I can tell you that it has affected my relationship with my children, particularly my son, and his friends. I don't tiptoe around, fearful of doing or saying the wrong thing....but I am mindful. Mindful that suicide does happen. Nobody is immune, and it happens to those you would least expect it to. I try to make sure my children know that no matter what, I love them unconditionally, and they can always come to me with their problems. I don't want to lose them and then wonder if they knew how much I loved them.

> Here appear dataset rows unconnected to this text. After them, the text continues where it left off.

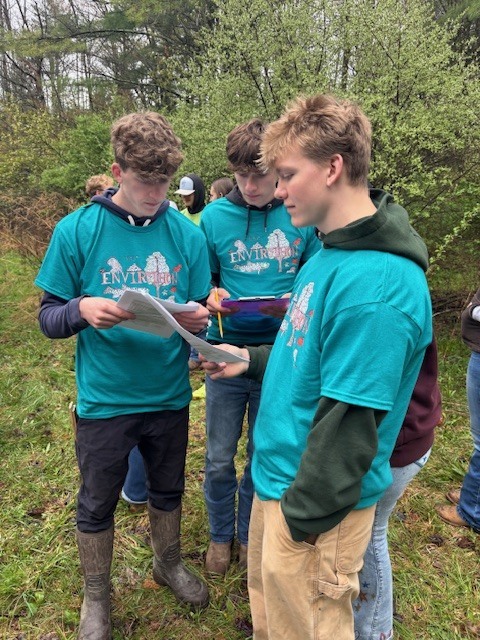 students working together outside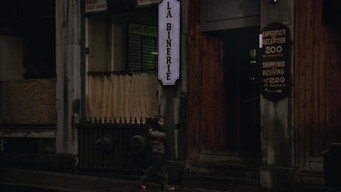#5 The Alley Cat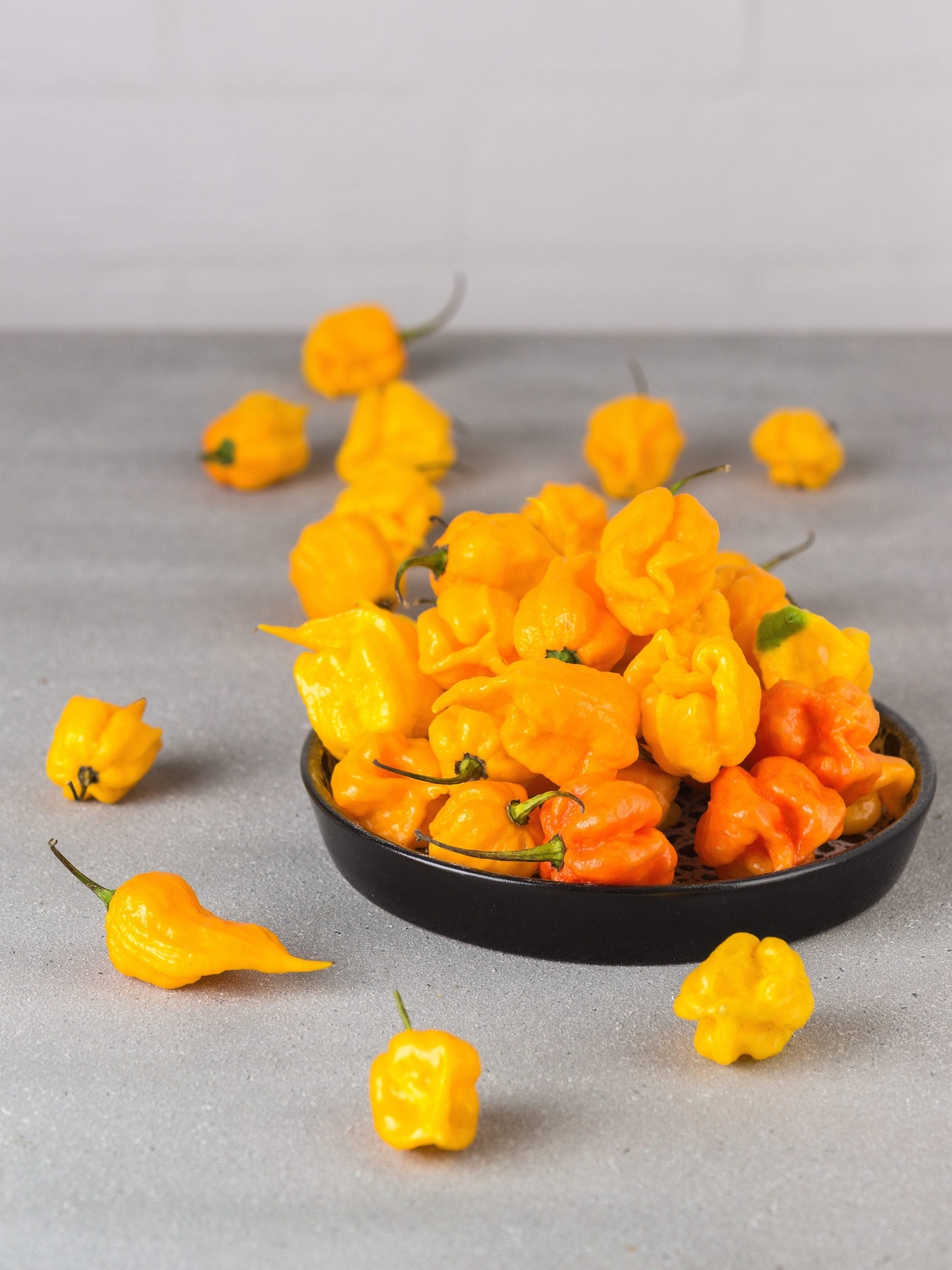 10 Yellow CAROLINA REAPER PEPPER World’s Hottest Capsicum Chinense Chili Seeds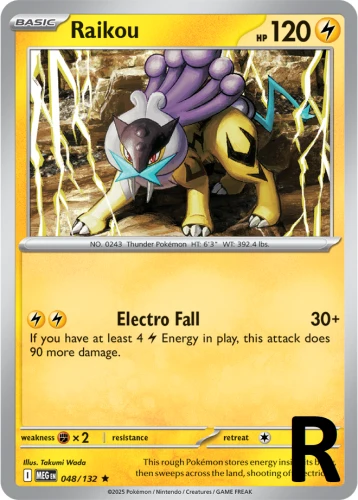 MEG-048-Raikou-reverse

Recently, one of my son's friends came to me at a low period in his life. Like a lot of kids his age (19), he's trying to figure out where he fits in in the world, and what he wants to do with his life, and he was feeling like he wasn't in a very good place in life. I tried to choose my words so carefully, to encourage him that it was normal for him to be at this place at this time. And to encourage him to find his passion in life, set goals, and go for it. But most of all to let him know that I love him unconditionally for who he is. He has two wonderful parents who love him that way too, but sometimes kids think "they're my parents, they have to love me". I wanted him to know that I CHOOSE to love him that much, because he deserves it, and because he's smart and kind and amazing. Did I change his life, or even make a huge difference? I don't know. He was very sweet and thankful. We talked for hours over two days. I only hope and pray that I helped him in some way. I also hope and pray that my kids can come to me at times like that, and if not me, someone else who will encourage them and pull them through.
That being said, Hallie is doing a fundraiser in honor of her beloved CJ, and I wanted to bring attention to that here. It's a raffle and for every dollar you donate, you get a chance to win one of 16 different prize packages.
Hallie, I will never, ever forget you or CJ. I send you my love.